Tuesday’s “day of anger” was organized by reform groups Kifaya (“Enough”) and the April 6 youth movement, and was largely promoted via Facebook, Twitter and other Web sites. Twitter reported that its service was blocked in Egypt on Tuesday evening.
Egypt’s biggest opposition group, the formally banned Muslim Brotherhood, also participated in the protests despite earlier claims by the Islamist group’s chairman, Mohamed Badie, that security personnel had summoned Muslim Brotherhood officials across the country and threatened them with arrests and violence should they take part.
The Muslim Brotherhood Web site early Wednesday reported the calls for an additional two days of protests, on Wednesday and Thursday.
Mubarak vs. Ben Ali
Egypt is the Arab world’s largest country (with a population more than seven times the size of Tunisia’s), a longstanding U.S. ally and the second-biggest recipient of U.S. military aid (after Israel).
The Obama administration’s response to Tuesday’s events was cautious.
Secretary of State Hillary Clinton urged restraint from “all parties,” but stopped short of criticizing the Mubarak government.

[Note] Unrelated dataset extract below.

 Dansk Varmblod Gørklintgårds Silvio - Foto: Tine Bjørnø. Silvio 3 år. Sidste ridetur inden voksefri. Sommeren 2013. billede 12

“Our assessment is that the Egyptian government is stable and is looking for ways to respond to the legitimate needs and interests of the Egyptian people,” she said during a joint media appearance in Washington with her Spanish counterpart.
In contrast President Obama, in hailing Tunisia’s political transition during his State of the Union address Tuesday night, declared that “the will of the people proved more powerful than the writ of a dictator.”
Whether Ben Ali deserves that epithet more than Mubarak is open to debate.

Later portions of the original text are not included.